Der Wahlkalifornier zog als Filmstudent nach Los Angeles. Sein „Otherworld“war ursprünglich als sechsteilige Miniserie geplant, wurde aber zum Selbstläufer. Heute bekommt Wagner Tausende Zuschriften von Leuten, denen Dinge jenseits der Realität passiert sein sollen. In das Programm schaffen es nur die wenigsten. Wichtige Kriterien sind für Wagner die „Unerklärbarkeit“, eine interessante persönliche Geschichte und ein Grundvertrauen in seine Gäste. Was Wagner bietet, ist eine skeptische und zugleich einfühlsame Offenheit, die man aus klassischen Geisterjägersendungen kaum kennt. In seinem Podcast geht es wenig um die Erklärung paranormaler Fälle. „Ich bin kein Wissenschaftler“, stellt Wagner klar, „meine Show dient der Unterhaltung.“Eher sieht sich der gelernte Dokumentarfilmemacher als Ethnograf: „Ich bin im Hintergrund und helfe den Leuten, ihre Geschichten zu erzählen.“
Hilfe auch von Hellsehern
Wenn er nicht mehr weiterweiß, holt er sich selbst Hilfe – von der UFO-Expertin über die Historikerin bis zu einem Paar von Hellsehern in fünfter Generation.
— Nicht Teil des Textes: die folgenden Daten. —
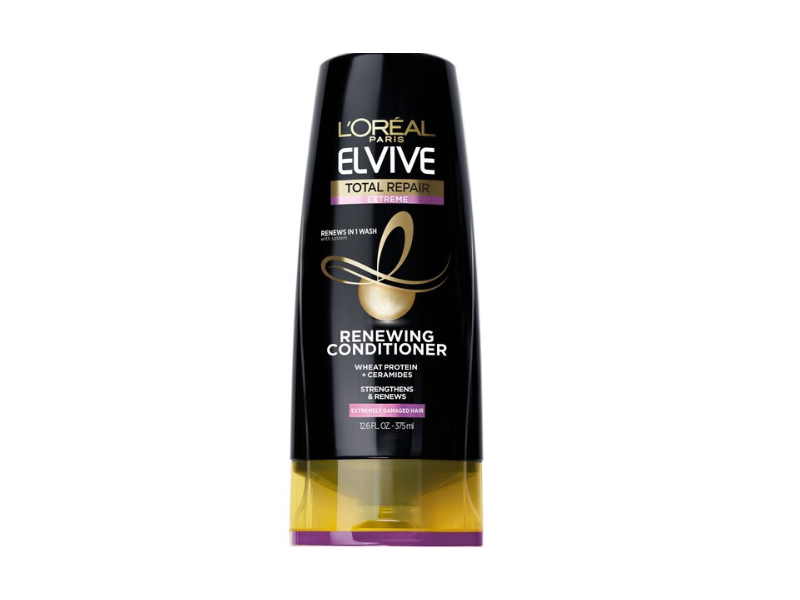 L'Oreal Paris Elvive Total Repair Extreme Renewing Conditioner, Wheat Protein + Ceramide, 12.6 fl oz/375 mL
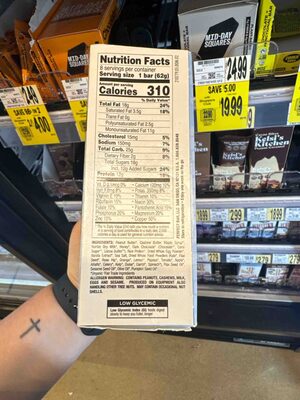 Chocolate Chip Cookie Dough Protein Bars, Chocolate Chip Cookie Dough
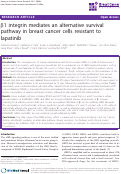 Cover page: beta1 Integrin mediates an alternative survival pathway in breast cancer cells resistant to lapatinib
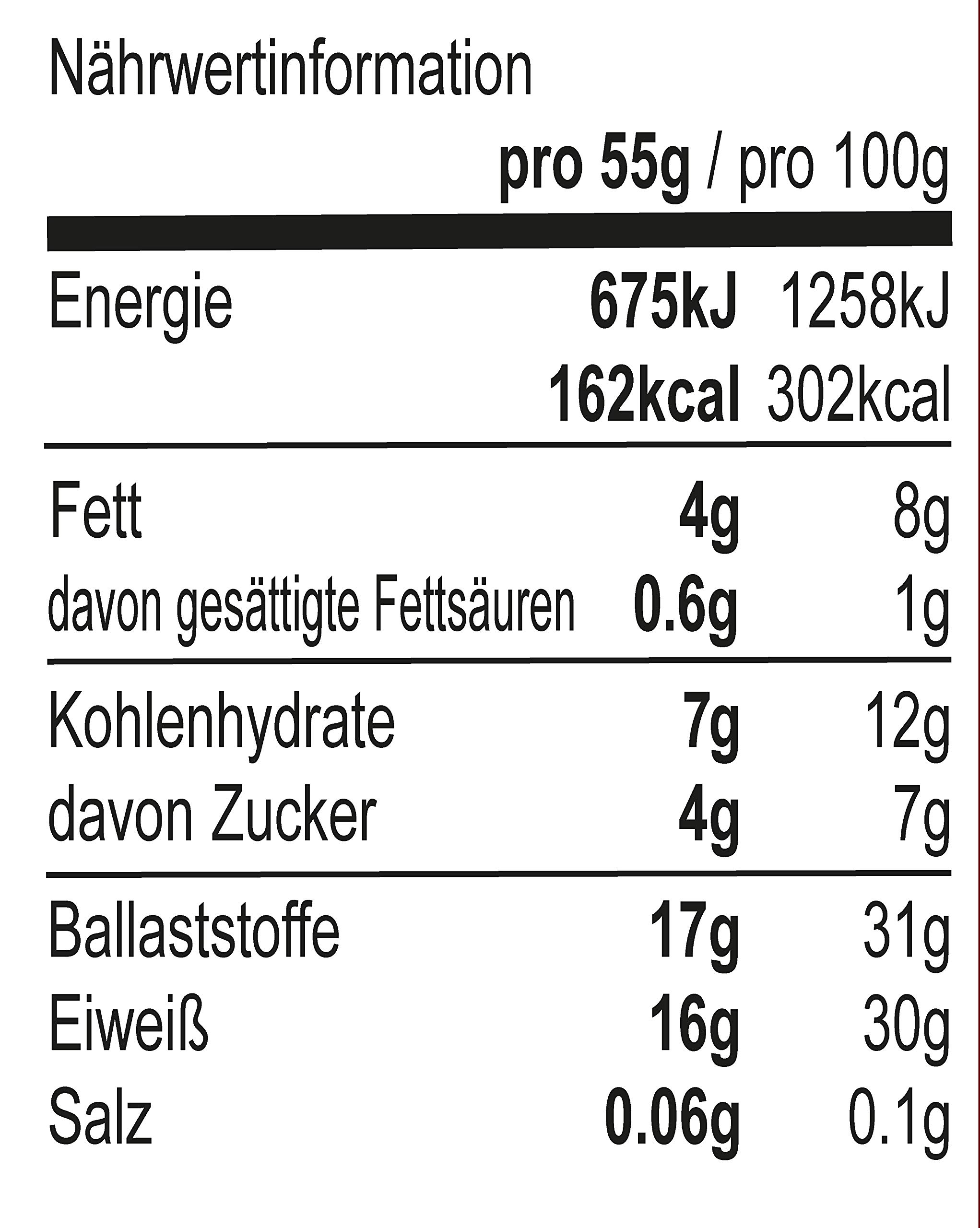 seitenbacher-protein-riegel-kakao-29-protein-glutenfrei-55g-riegel image 2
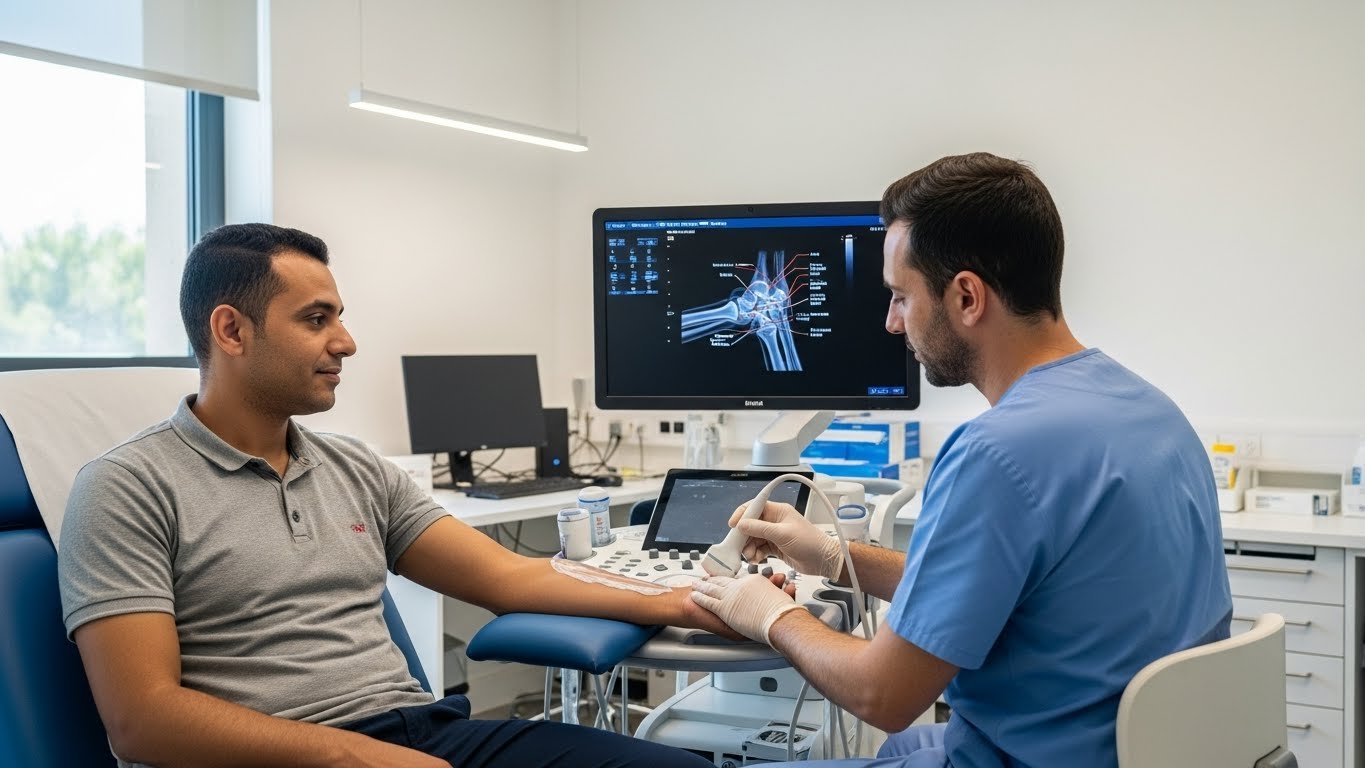 Échographie du Poignet : Guide Complet pour les Patients au Maroc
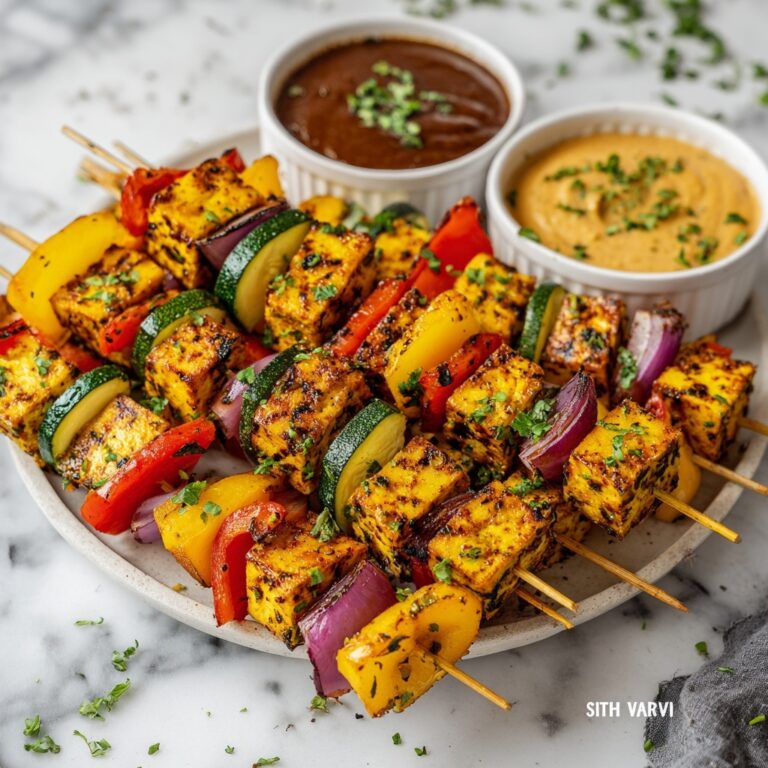 Baked Tofu Skewers (Oil-Free): Plant-Based High-Protein Snack Recipe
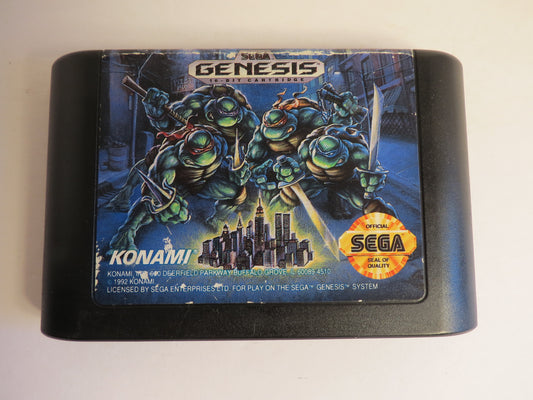 Teenage Mutant Ninja Turtles The Hyperstone Heist Sega Genesis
Es taucht im Podcast öfter auf, berichtet von seiner eigenen Heimsuchung durch einen pelzigen Dämon oder warnt die Zuhörer davor, mit Gnomen Geschäftsbeziehungen einzugehen. In stundenlangen Aufnahmesessions interviewt Wagner oft die ganze Familie und Freunde von Betroffenen paranormaler Erscheinungen. Meistens gelingt ihm eine gesunde Distanzierung zu den unheimlichen Vorkommnissen. Doch es gibt Geschichten, die ihn einfach nicht loslassen. In der vierteiligen Serie „Many Things“vermutet eine Frau in ihrem Haus einen Dibbuk, einen Totengeist aus der jüdischen Folklore. Ihr Mann will zuerst keinen Kontakt, ja nicht einmal im Haus darüber reden. „Und dann ruft er mich plötzlich an“, erzählt Wagner. „Ich konnte hören, wie sehr er sich fürchtete. Ein tougher Kerl, ein Hockeyspieler und Bauarbeiter. Das hat mich fertiggemacht.“
Bis jetzt, sagt Wagner, hat er noch keinen Geist gesehen. Ob eine paranormale Erscheinung echt ist oder nicht, sei für die Betroffenen oft sekundär. Wie bei dem Mann, der jahrelang von Foltervisionen heimgesucht wurde. „Wenn er leidet, was macht es für einen Unterschied, ob das echt ist oder nicht?“„Otherworld“ist für Jack Wagner heute ein Vollzeitjob. Er hat mittlerweile mehrere Mitarbeiter und will seine unheimlichen Geschichten bald vor die Kamera bringen – dort, wo sie für ihn auch hingehören.